--- Stored data Enclosed Below ---

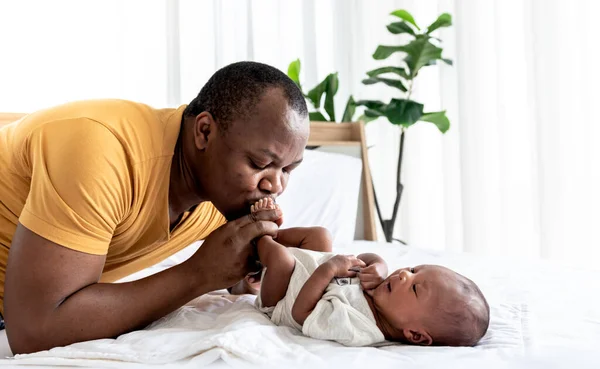 An African American father kissing foot, his 12-day-old baby newborn, is laying on the white bed, with love and happy, concept to African American family and baby black skin newborn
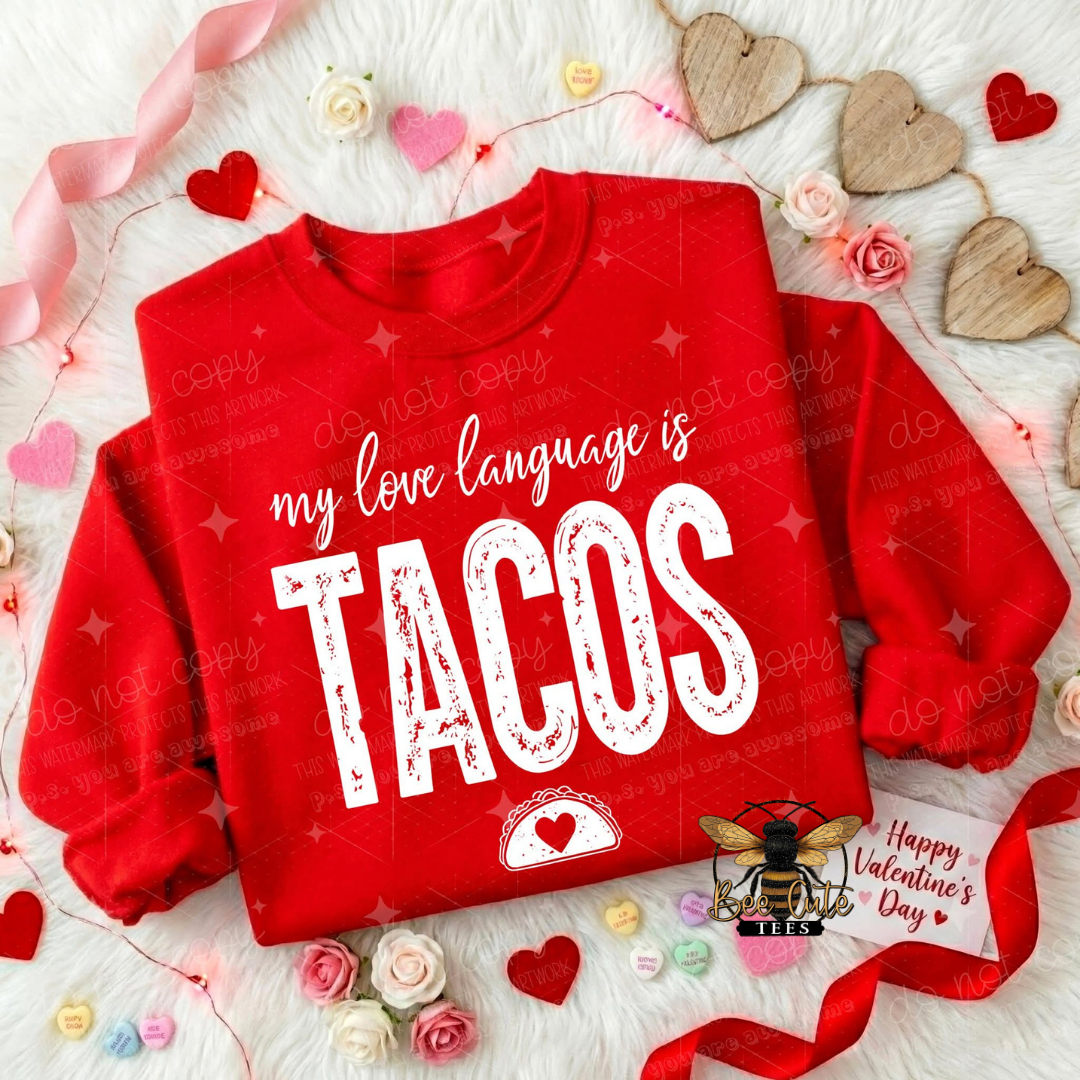 Red sweatshirt with 'my love language is TACOS' text on a decorative background with hearts and flowers.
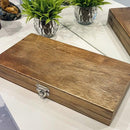 Caixa de madeira retangular fechada com trava metálica sobre mesa branca, ao lado de planta decorativa em vaso prateado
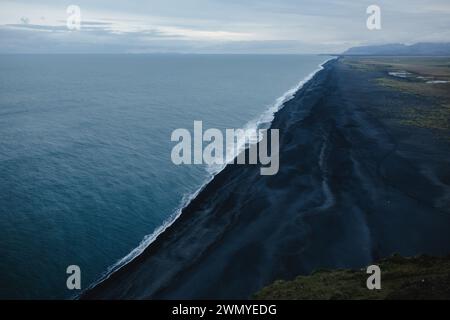 Aus der Vogelperspektive fängt die raue Schönheit der schwarzen Sandstrände Islands vor den Wellen des Nordatlantiks ein. Stockfoto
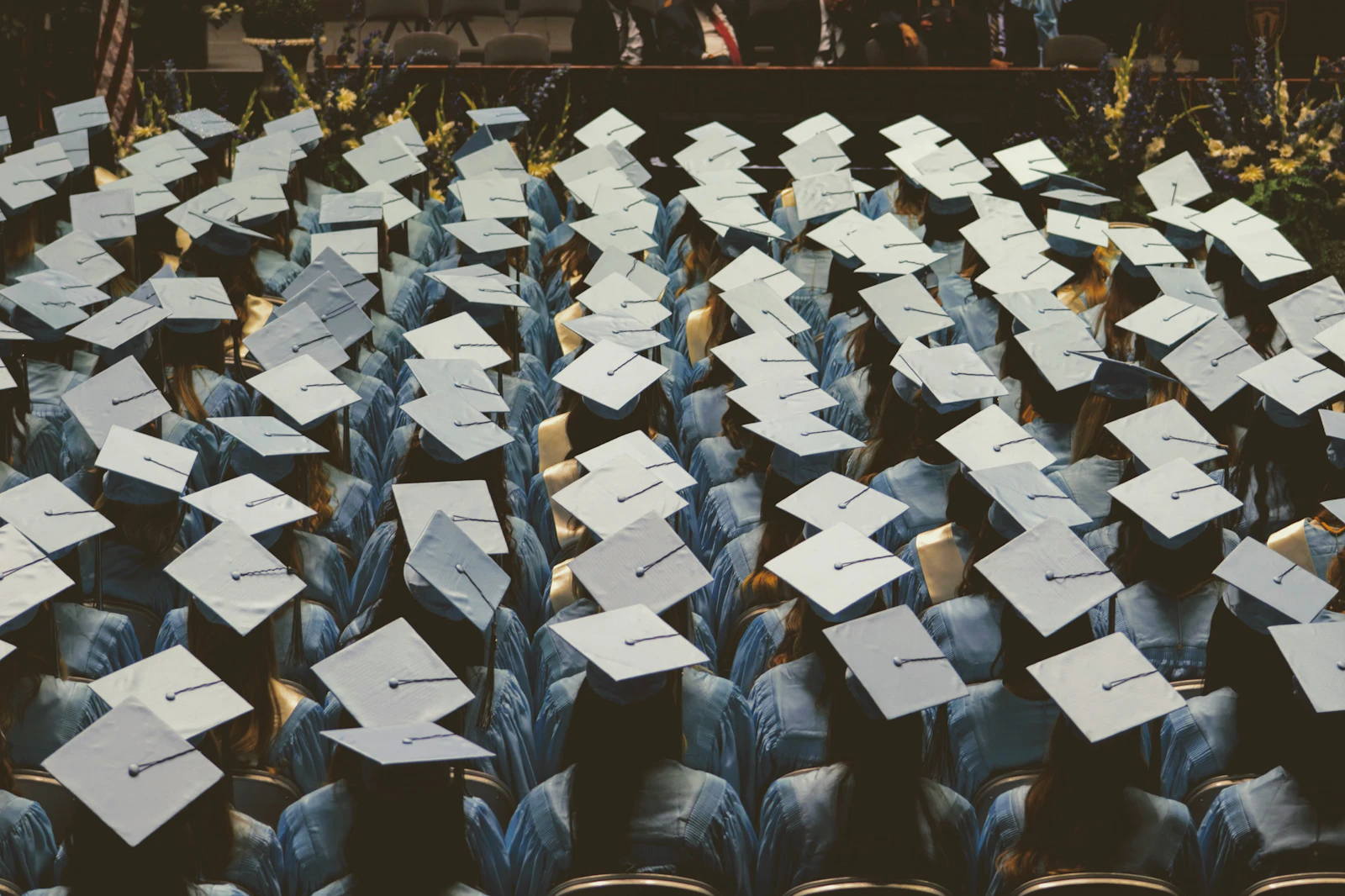Graduation caps thrown in the air against a blue sky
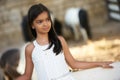 Beautiful young girl and horses in stall Royalty Free Stock Photo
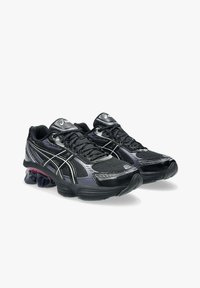 Scarpe da ginnastica nere con tomaia in mesh, dettagli metallici argentati e suola spessa con un elemento di ammortizzazione in gel ben visibile.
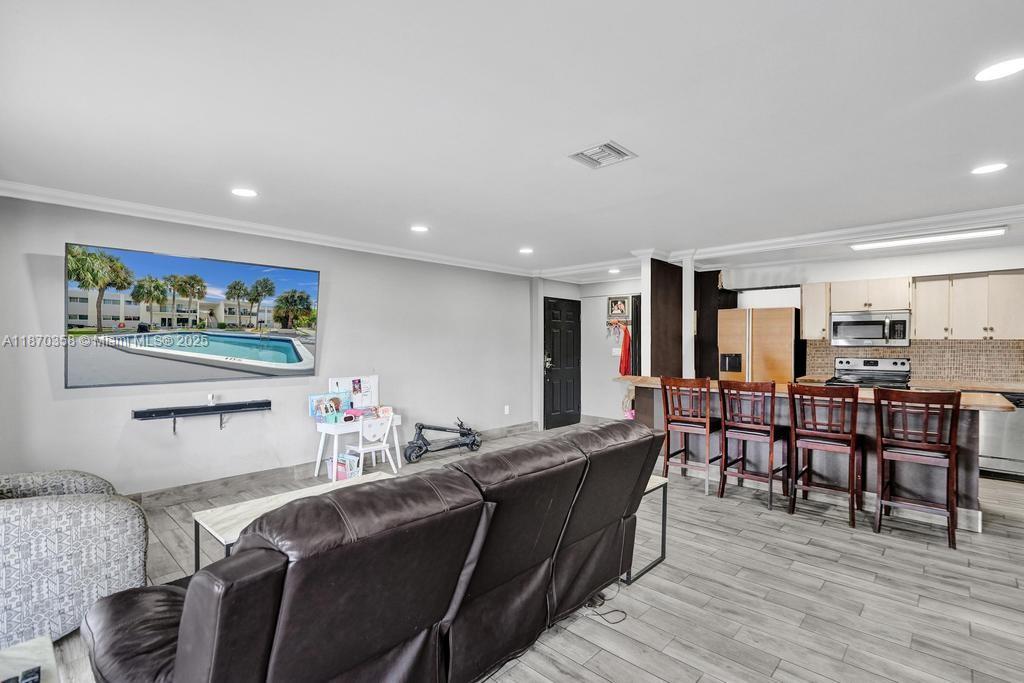 900 Crystal Lake Drive, Unit 2B Deerfield Beach, FL 33073 - Photo 4 of 41 a view of a dining room with furniture and wooden floor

--- End of Enclosed Stored data ---

:: Instructions to follow ::
Reproduce each entry exactly as given; no pictures, please.

:: Output of the task ::
 An African American father kissing foot, his 12-day-old baby newborn, is laying on the white bed, with love and happy, concept to African American family and baby black skin newborn
 Red sweatshirt with 'my love language is TACOS' text on a decorative background with hearts and flowers.
 Caixa de madeira retangular fechada com trava metálica sobre mesa branca, ao lado de planta decorativa em vaso prateado
 Aus der Vogelperspektive fängt die raue Schönheit der schwarzen Sandstrände Islands vor den Wellen des Nordatlantiks ein. Stockfoto
Graduation caps thrown in the air against a blue sky
 Beautiful young girl and horses in stall Royalty Free Stock Photo
 Scarpe da ginnastica nere con tomaia in mesh, dettagli metallici argentati e suola spessa con un elemento di ammortizzazione in gel ben visibile.
 900 Crystal Lake Drive, Unit 2B Deerfield Beach, FL 33073 - Photo 4 of 41 a view of a dining room with furniture and wooden floor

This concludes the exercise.